Durante su estancia conoce, investiga y aplica los métodos de diálisis, hemodiálisis y diálisis peritoneal, y de primera mano analiza y revisa los avances que habían permitido a ese hospital efectuar el primer trasplante renal con éxito en el mundo. Cabe recordar que al grupo médicos del Peter Bent Brigham Hospital en Harvard se le concedió el Premio Nobel de Medicina en 1991 por sus trabajos en este campo.
Con este capital intelectual regresa a la Ciudad México, donde se incorpora al Hospital de Enfermedades de la Nutrición y queda adscrito al departamento de la unidad metabólica y al laboratorio de agua y electrólitos. En 1964 se convierte en su jefe y el departamento cambia de nombre, primero a fisiología clínica y después a departamento de nefrología y metabolismo mineral. El objetivo del departamento desde su creación ha sido formar clínicos de excelencia e investigadores de primer nivel en el campo de la nefrología. El Dr. Peña trabajó incansablemente para consolidar la enseñanza de la nefrología clínica y realizó las acciones necesarias para que el personal médico, al concluir su formación, fuera capaz de realizar estudios de investigación de calidad.
La labor de enseñanza se centró en una primera fase en la residencia de nefrología clínica, y en una segunda fase en la implementación de cursos de maestría y doctorado avalados por la División de Estudios de Postgrado de la Universidad Nacional Autónoma de México (UNAM).
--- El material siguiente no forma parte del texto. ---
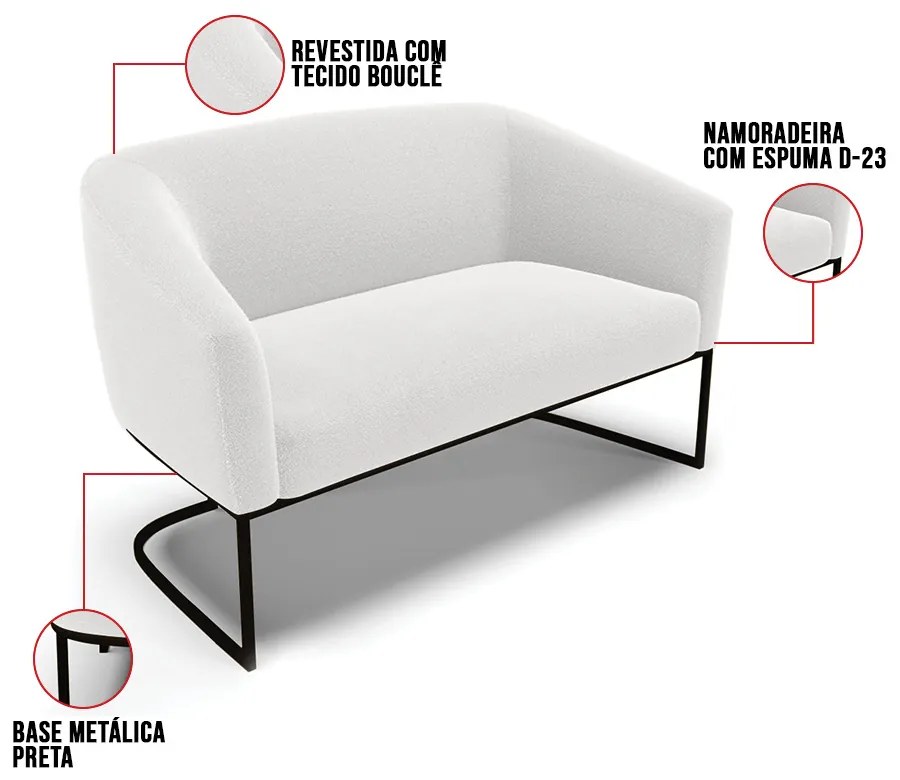 Sofá 2 Lugares Namoradeira Industrial Preto Stella Bouclê D03 - D'Rossi - Off White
Siendo jefe de la unidad metabólica, el Dr. Peña promueve la rotación por 3 meses de los residentes de medicina interna en las áreas de investigación clínica y básica, y las clínicas de nefrología, hipertensión, metabolismo mineral, diálisis y trasplante.
Como titular del departamento de nefrología y metabolismo mineral entrenó a más de 70 nefrólogos. A su salida del hospital, la escuela de formación de nefrólogos que dejó el Dr. Peña continúa su filosofía de trabajo comprometida con la institución y, sobre todo, con los pacientes que se atienden en ella.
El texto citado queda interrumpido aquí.